After January 6, he said Trump was “morally responsible” for the attack on the Capitol. But when it actually mattered, he voted to acquit. Classic McConnell, all tough talk until there's a real decision to make.
He had a real chance to end Trump’s political career and protect the country. But of course, he didn’t take it. He chose to protect his grip on Republican leadership instead of doing the right thing and the funny this is, he ended up losing it anyway, because apparently he still wasn’t loyal enough to Trump.
That’s why McConnell’s legacy is tied to Trump, whether he likes it or not. He enabled him. Defended him. Protected him. And the fact that he “doesn’t like Trump” behind closed doors doesn’t matter. What matters is what he did when it counted. And what he did was nothing.
He’ll be remembered not as a genius or a patriot or some master strategist. He’ll be remembered, rightly, as a corrupt turtle who sold out the country for power and money. One of the worst senators in modern history. A liar. A coward. A man who made America worse in almost every measurable way.
Mitch McConnell was effective. Probably one of the most skilled political operators of the modern era. But he used that skill to shit on this country. To destroy norms, lock in minority rule, flood the courts with right-wing ideologues, and pave the way for Trumpism to take over.

He wasn’t loud or unhinged like Trump. He wasn’t some QAnon weirdo like MTG. He was worse. He was quiet, calculated, and he understood exactly how the system was broken and instead of fixing it, he exploited it at every turn.
And now he’s going to peacefully retire. Rich and old. He probably wont face any real consequences for this actions.

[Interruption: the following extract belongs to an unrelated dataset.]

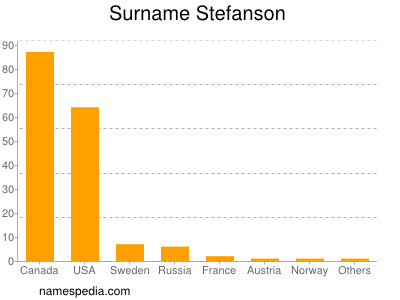 Familiennamen Stefanson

Either way, fuck off Mitch.
I’ll do what I can to make sure his legacy reflects what he really was. But honestly, I probably won’t have to. The wreckage he left behind speaks for itself. And when history catches up, Mitch McConnell won’t be remembered with honor, he’ll be remembered as a morally bankrupt asshole, an incredibly partisan operator, and one of the worst senators in modern American history. Someone who truly, deeply fucked this country up.